From his own observations, he said, the athletes were not aggressive or rude, but he understood that at least one made “kind of smart remarks” to Disney security.
At one point, they asked why no Puerto Rican or white teens were being asked to leave, Krantz said. Then, a white teen and a Hispanic teen were brought in, and all the teens started slapping “high-fives” and joking, he said.
McCray, a 6-foot-2-inch, 268-pound defensive tackle, said the group had been sitting on a bench after leaving Pleasure Island when a number of security guards and deputies approached them. That’s when he left, he said.
Commack said he and his friends were “just chilling together” at Downtown Disney and that they thought they were followed “because we were a group of black kids they assumed were out to make trouble.”
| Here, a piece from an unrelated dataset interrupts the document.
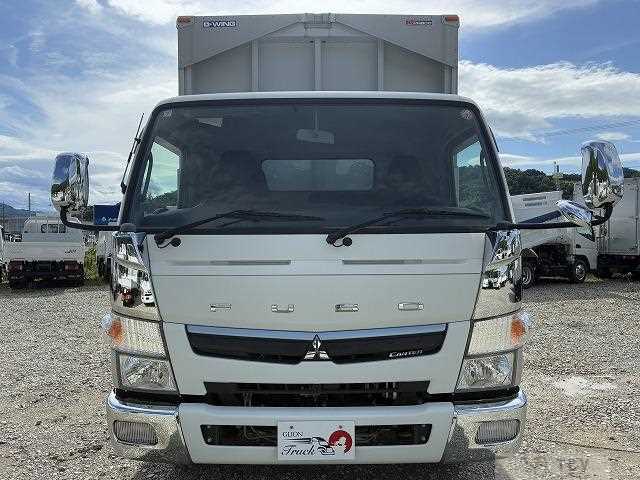 2018 Mitsubishi Fuso Canter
Sheriff’s spokesman Capt. Mark Strobridge said Tuesday evening that the agency works closely with Walt Disney security to identify and remove anyone causing problems at the theme parks and Downtown Disney.
“The feedback we have received is that many of the guests have been happy with our presence,” Strobridge said.
Nugent, Vincent Williams’ stepfather, defended the players by saying they are all good kids as well as hardworking, outstanding athletes.
“Is it because they’re all over 6 feet tall and black?” asked Nugent, who is white. “I want the trespass warnings dropped so the kids can visit Disney if they want. And an apology would be nice.”
(Orlando Sentinel correspondent Mike Huguenin contributed to this report.)